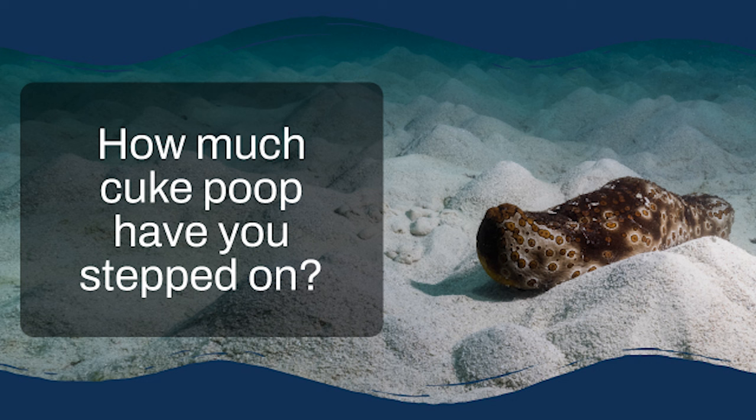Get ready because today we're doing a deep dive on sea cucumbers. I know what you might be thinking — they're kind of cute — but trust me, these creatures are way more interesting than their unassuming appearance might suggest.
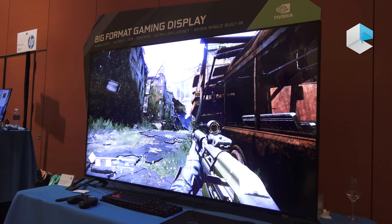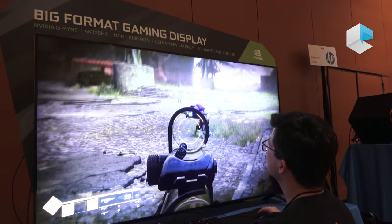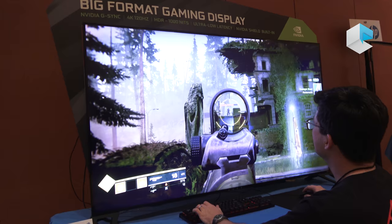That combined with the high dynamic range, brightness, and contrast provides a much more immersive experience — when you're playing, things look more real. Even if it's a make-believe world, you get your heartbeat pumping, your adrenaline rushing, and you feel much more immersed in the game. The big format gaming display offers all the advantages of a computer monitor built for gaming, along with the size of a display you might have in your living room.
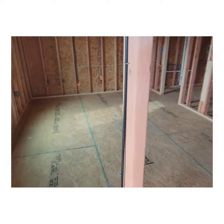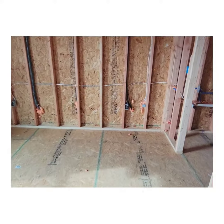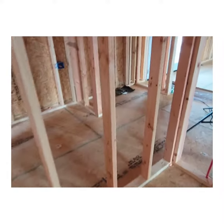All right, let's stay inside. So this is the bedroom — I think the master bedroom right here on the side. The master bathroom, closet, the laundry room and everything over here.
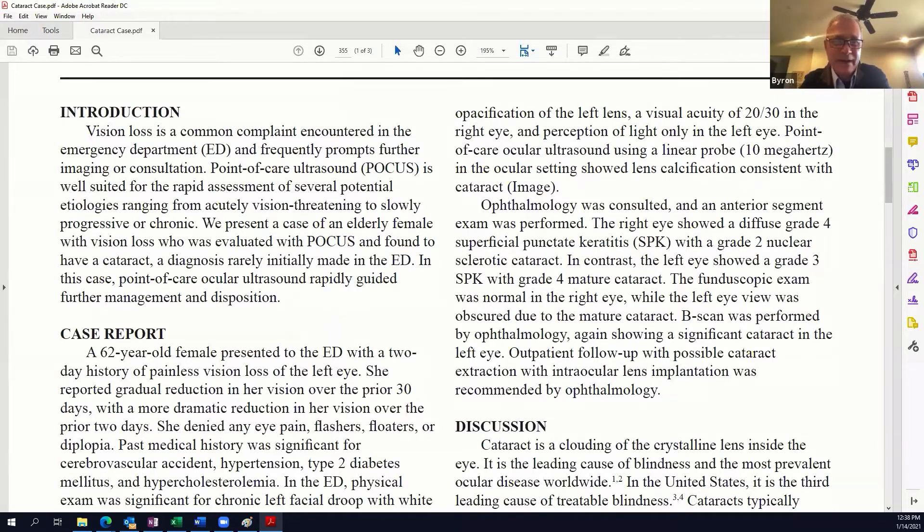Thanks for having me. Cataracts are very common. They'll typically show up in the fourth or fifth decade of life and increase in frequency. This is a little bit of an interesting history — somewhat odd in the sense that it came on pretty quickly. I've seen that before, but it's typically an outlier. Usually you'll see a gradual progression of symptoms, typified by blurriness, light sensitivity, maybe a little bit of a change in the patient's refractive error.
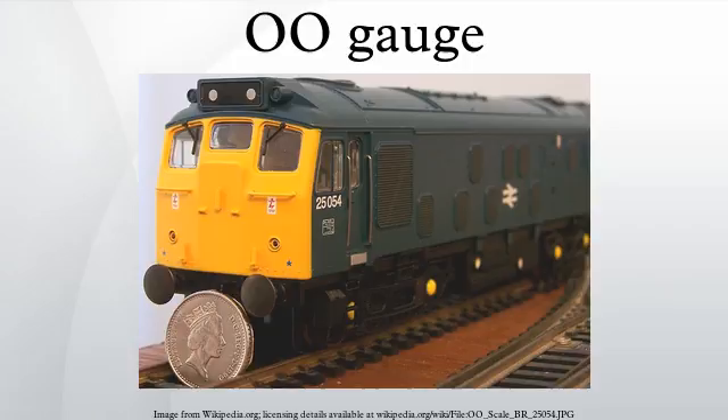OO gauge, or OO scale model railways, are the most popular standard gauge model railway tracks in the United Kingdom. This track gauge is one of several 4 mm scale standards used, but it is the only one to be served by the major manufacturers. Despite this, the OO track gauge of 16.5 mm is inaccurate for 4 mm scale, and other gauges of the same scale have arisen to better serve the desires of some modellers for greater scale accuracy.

---

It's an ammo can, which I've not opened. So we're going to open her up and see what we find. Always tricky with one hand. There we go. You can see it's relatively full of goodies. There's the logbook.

--- What you should do ---
The answer is those lines of the material above that run from the one containing "Get ready because" up to and including the one containing "All right, let's", restated exactly and without images.

--- Finished exercise ---
Get ready because today we're doing a deep dive on sea cucumbers. I know what you might be thinking — they're kind of cute — but trust me, these creatures are way more interesting than their unassuming appearance might suggest.
That combined with the high dynamic range, brightness, and contrast provides a much more immersive experience — when you're playing, things look more real. Even if it's a make-believe world, you get your heartbeat pumping, your adrenaline rushing, and you feel much more immersed in the game. The big format gaming display offers all the advantages of a computer monitor built for gaming, along with the size of a display you might have in your living room.
All right, let's stay inside. So this is the bedroom — I think the master bedroom right here on the side. The master bathroom, closet, the laundry room and everything over here.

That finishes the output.